Granted, we are not all “Harry Potters” ready to lend our celebrity helping hand at a moment’s notice, BUT we all have opportunities to bless others….if we just take the time to look around us.

I used to do a regular feature on my radio show (and I’ll probably start it here soon) called “The Good News”. This segment focused on people making a difference in the world around them. 99 percent of the time, these people were no different than you and me. They had no special skills or abilities. They didn’t have a huge bank account. They weren’t world famous. They were just regular people who took the time to look around them and see where they could positively impact the lives of others. We ALL have that same opportunity. If you want to use the Bible as an example, God didn’t call men of extraordinary talent or skill to be his disciples. They were just ordinary people who were willing to be obedient and observant to opportunities around them to bless others.

With the world we live in today, opportunities to positively impact others are ALL around us. Here’s at least FIVE:

*While we’re driving, we might see someone in need.

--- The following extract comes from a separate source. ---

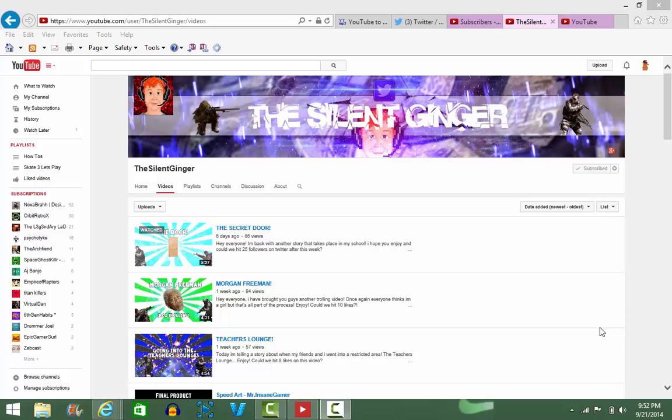Hey, what is up guys? Sparkling Gummy Gaming here with Shout Out Sunday. Today we have a very special person - he was our 102nd subscriber, he helped us with our Q&A, and his name is The Silent Ginger.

*While we’re at the drive through of a fast food restaurant, we might be able to “pay it forward” by paying for someone’s meal.

*While we’re on the job, we might lend a listening ear to someone who’s going through a difficult time.

*While we’re online, namely social media, we see plenty of opportunities to bless others through prayer, encouragement, time, money, etc.

*At home, we have opportunities to bless our family and friends. The opportunities are endless…IF we just take the time to look around us.

I really believe we weren’t put on this earth for ourselves. We are here to impact the lives of others. When we die, people aren’t going to dwell on our accomplishments, or our nice  homes or cars. No. They are going to remember the good we did. They are going to remember how we made them feel. They are going to remember the impact we had on others. When it’s all said and done in this world, we are going to be measured on the difference we made in the lives of others, and what we did with the opportunities we had to bless those around us.

Those opportunities are all around you today. What are you going to do with them?